Wednesday, February 19, 2014

Living Time: Art and Life After 'Art-Into-Life': Karin Sanders

On February 20 and February 21 The Arts Research Center at UC Berkeley is hosting the symposium “Living Time: Art and Life After 'Art-Into-Life'. We've asked participants from three sessions to post some brief thoughts on the topic in advance of the event. This guest posting is by Karin Sanders (Professor, Department of Scandinavian, UC Berkeley), who is presenting in the session Regional Check-in: Nordic Time Zones: Time-based art in the High North.

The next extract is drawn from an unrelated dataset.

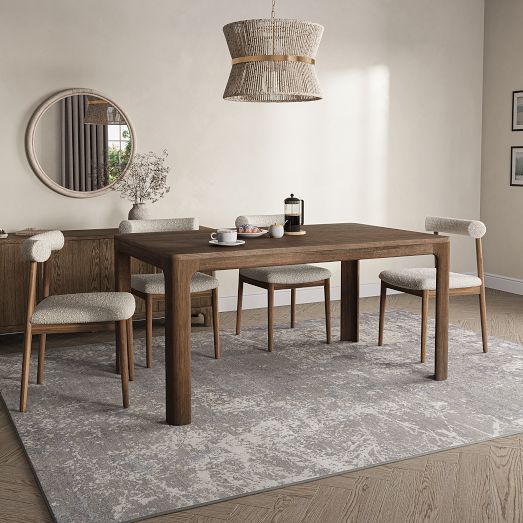 Leonora Dining Table (72") by West Elm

At Living Time, I want to contemplate recent questions raised by museum theorists about permanency and the perils of musealization by considering the use of a particular and rather mundane substance: ice.  How does this transient material function in the form of sculpture? Can institutional walls regulate the fickleness of Ice Art? Can Ice Art be placed somewhere between museumphobia and museumania? If sculptures made of ice are placed within museum walls do they inevitably challenge fixed institutional parameters and deep-rooted assumption about temporality?  Said differently, how can Ice Art negotiate questions of disappearance and reproducibility, fluidity and solidity? And how does it relate to the human body? Can the evocative materiality of ice allow the viewers a possibility of contemplating the fall of museum walls or their reinforcement? To answer these questions I have selected several Ice Art pieces from three Danish artists, sculptor Kirsten Justesen, (Icelandic-Danish) sculptor Olafur Eliasson and sculptor Troels Sandegård.  All, as I hope to show, operate with frozen material and concepts of frozen time that allow us to contemplate the human condition as physical reality but through a transformative lens of destabilization: melting, liquefying, evaporating.